Multinational investment banking firm Morgan Stanley doubled its long-term valuation for SpaceX to slightly more than $100 billion.
Head of Morgan Stanley’s auto and space research Adam Jonas remarked to CNBC that SpaceX “continues to solidify its place as mission control for the emerging space economy.” Jonas continued by saying that “important milestones with Starlink, Starship and government contract dovetail to support an increase in our base valuation”.
Morgan Stanley’s Three-Pronged Approach
Morgan Stanley adopts three cases to evaluate SpaceX’s potential market cap: A base case, a bull case and a bear case.
A base case scenario is the average scenario where a company neither over exceeds expectations nor underperforms. A bull scenario is the ideal projected condition of a company in which prices are rising or are expected to rise. A bearish scenario is characterized by falling prices and a negative outlook for companies.
All three cases take into consideration variables such as product prices, customer metrics, operating costs, inflation, interest rates…
Morgan Stanley has raised its “base case enterprise value” from $52 billion to $101 billion. Within that base case, SpaceX’s rocket segment becomes a business worth $11.7 billion. And Starlink’s satellite internet service is valued at $80.9 billion. Morgan Stanley also devises a scenario where SpaceX adds a point-to-point space travel business worth $8.7 billion.
The firm also increased its bull case for SpaceX. In a scenario where the company will exceed expectations, the firm has upped SpaceX’s valuation from $175 billion to $203 billion. The rocket division and the Starlink service become businesses valued at $52.5 and $132.8 billion respectively.
The bear case valuation also increased from a mere $200 million to $5.4 billion. For this valuation, Morgan Stanley outlined a scenario where the Starlink Project will provide no added value to SpaceX. Additionally, the firm is assuming a scenario where rocket launches are the sole part of SpaceX’s business.
What is the Plausible Outlook for SpaceX?

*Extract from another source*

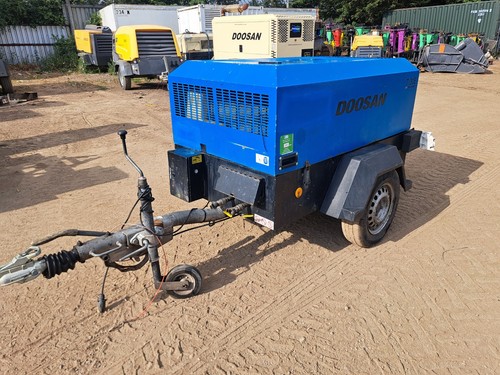 Doosan ingersoll rand - doosan, 7/31e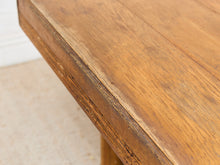 Load image into Gallery viewer, Antique Early American Dining Table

The aerospace company has carried out a total of eighteen missions so far during 2020. It is currently launching rockets at a rate of approximately one every two and a half weeks.
There is also a very strong investor demand for SpaceX. Last August, the company secured $1.9 billion in its series-N funding. SpaceX became in the process the third most valuable private company in the world.
It is setting new standards for space access on two key fronts: rocket reusability and vertical integration.
Its satellite internet constellation is also ever-increasing. SpaceX will soon launch its fifteenth Starlink mission overall, and is set to roll out its public beta service in the upcoming weeks.
Morgan Stanley’s $100 billion valuation will most likely increase over time, and the bullish figures may soon turn into base case ones.